DESCRIPTION (provided by applicant): There exists a great need for the modeling of axonal transport and persistence of the human herpesvirus Varicella zoster Virus in neurons. The sensory neuron is critical to successful VZV pathogenesis as it is the site of a decades-long state of persistence, from which VZV can reactivate to cause the debilitating disease Herpes zoster. VZV remains a major source of human morbidity, even in an age of commercial vaccines, as most adults harbor wild type VZV strains and some 1/5 will suffer zoster ("shingles"). Zoster morbidity includes a subsequent chronic intractable neuropathic pain state that can affect quality of life and is often refractory to any treatment. Even if all eligible persns received the zoster vaccine (which is far from being achieved); the partial effectiveness would still result upwards of half as million zoster cases annually and some 50,000 cases of severe post herpetic neuralgia. We know little of the parameters affecting VZV axonal transport and the latent state, because most animal models and their neurological tissues do not support VZV replication or reactivation. Yet, if axonal transport, latency or the interneuronal spread associated with zoster can be prevented, disease could more easily be controlled. Our overlying hypothesis is that we can explore VZV axonal transport and persistence using an innovative system involving peripheral neurons developed from human embryonic stem cells (hESC). We have partly established this system and shown VZV axonal infection and neuron to neuron spread.
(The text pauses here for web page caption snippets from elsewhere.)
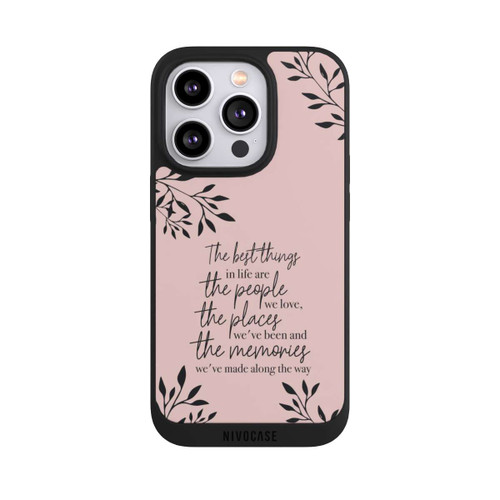 Apple iPhone 14 Pro NIVOpure The Best Things In Life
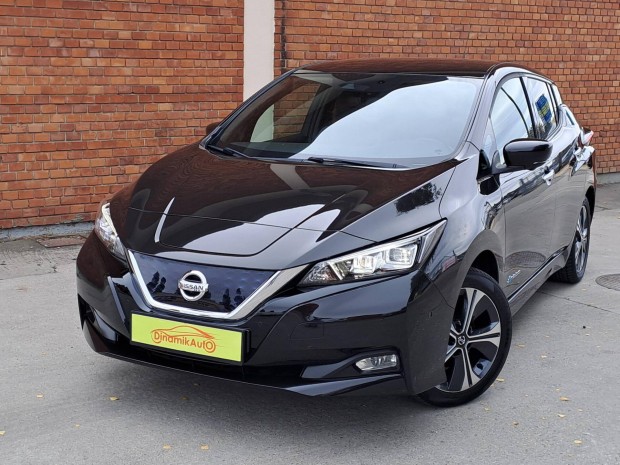 Nissan Leaf Tekna 40kWh (Automata) Ledlámpa-ÁLL...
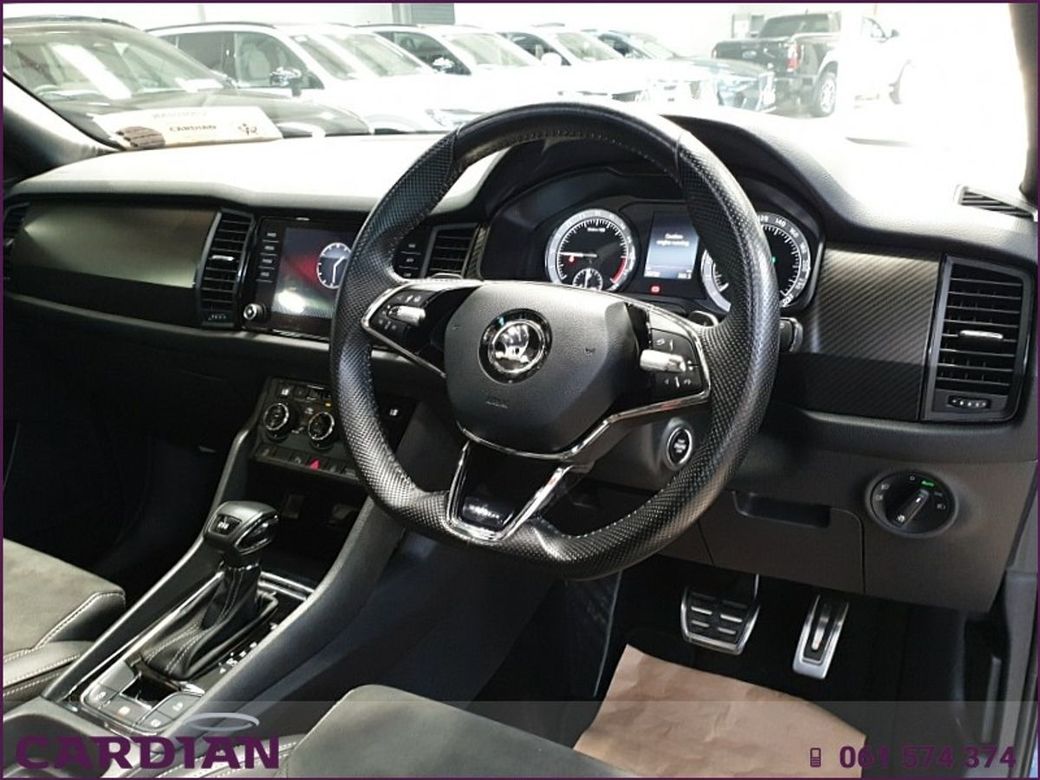 2021 Skoda Kodiaq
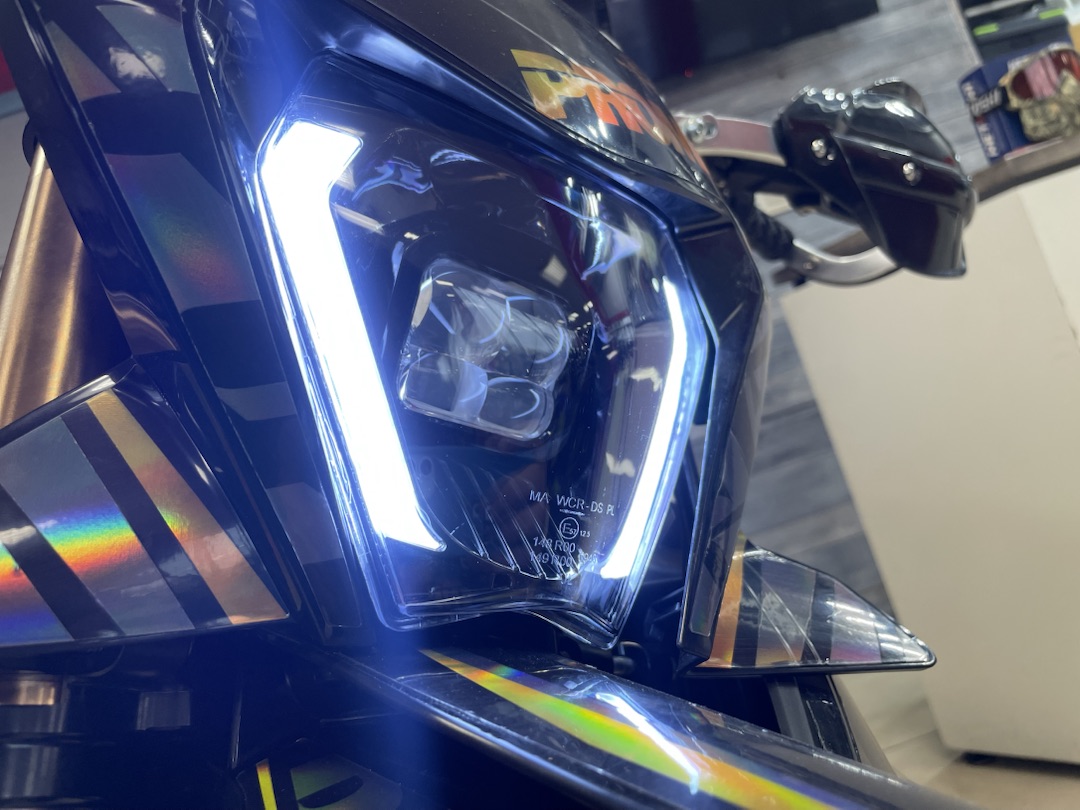 Кроссовый мотоцикл PROMAX BLACKOUT NB300 MX в Тольятти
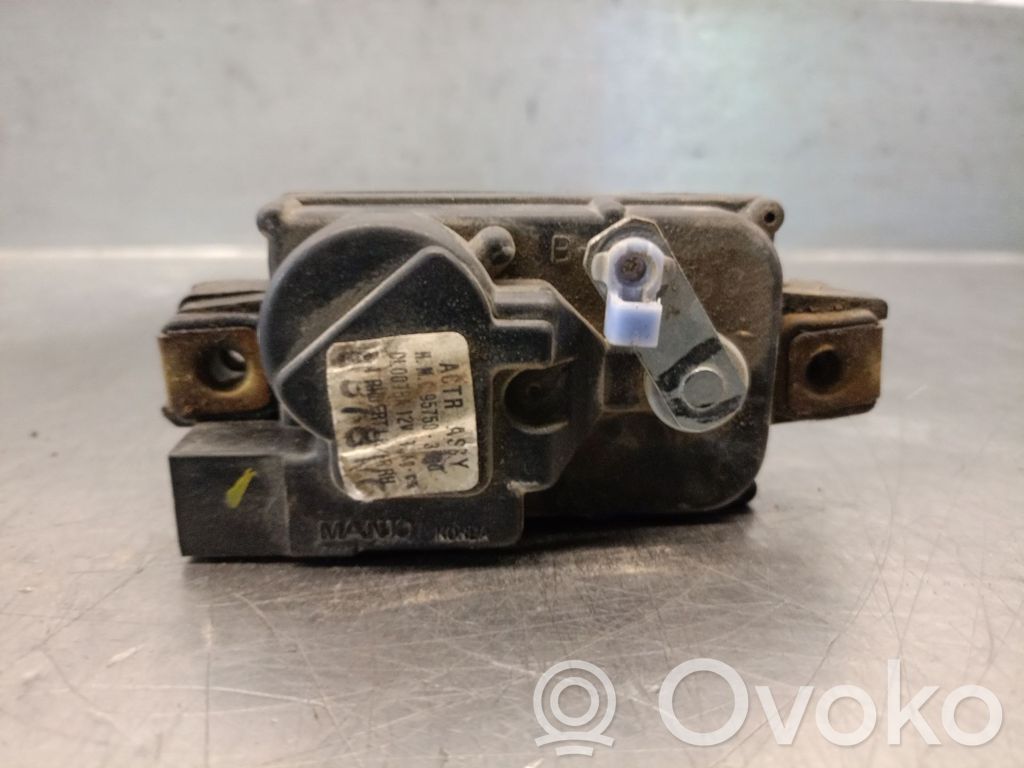 Hyundai Lantra I Rear door soft close latching motor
The first specific aim is to use hESC derived neurons in microfluidic chambers to examine retrograde and anteriograde transport kinetics of VZV capsids and the association of known VZV tegument regulatory proteins with the transporting capsid, using live cell imaging of fluorescent VZV capsids in axons, which has never been previously described. Specific Aim 2 will test the hypothesis that axonal transport and/or interneuronal spread can be disrupted by specific VZV gene deletions. As yet we know little of the VZV proteins involved in VZV transport. The third aim is to develop the hESC neurons to model VZV persistence, the events of latency, and to attempt to reactivate persistent VZV genomes, which heretofore has arguably never been achieved.

描述（由申请人提供）：非常需要对神经元中人疱疹病毒水痘带状疱疹病毒的轴突运输和持久性进行建模。感觉神经元对于成功的VZV发病机制至关重要，因为它是持续数十年的持续状态的部位，VZV可以从中重新激活以引起使人衰弱的疾病带状疱疹。即使在商业疫苗的时代，VZV仍然是人类发病的主要来源，因为大多数成年人携带野生型VZV毒株，并且大约1/5的人将患有带状疱疹（“带状疱疹”）。带状疱疹发病率包括随后的慢性顽固性神经性疼痛状态，可影响生活质量，通常对任何治疗都难以治愈。即使所有符合条件的人都接种了带状疱疹疫苗（这还远远没有实现）;部分有效性仍然会导致每年超过50万例带状疱疹病例和约50，000例严重的带状疱疹后神经痛。我们知道很少的参数影响VZV轴突运输和潜伏状态，因为大多数动物模型和他们的神经组织不支持VZV复制或重新激活。然而，如果能够预防带状疱疹相关的轴突运输、潜伏期或神经元间扩散，疾病就更容易控制。我们的假设是，我们可以探索VZV轴突运输和持久性使用一个创新的系统，涉及从人胚胎干细胞（hESC）开发的外周神经元。我们已经部分建立了这个系统，并显示VZV轴突感染和神经元到神经元的传播。第一个具体的目的是使用hESC衍生的神经元在微流体室中检查VZV衣壳的逆行和顺行运输动力学和已知的VZV外皮调节蛋白与运输衣壳的关联，使用轴突中的荧光VZV衣壳的活细胞成像，这在以前从未描述过。具体目标2将测试的假设，轴突运输和/或神经元间的传播可以被破坏特定的VZV基因缺失。然而，我们知道很少的VZV蛋白参与VZV的运输。第三个目标是开发hESC神经元来模拟VZV持续性，潜伏期事件，并尝试重新激活持续性VZV基因组，这在此之前可以说从未实现过。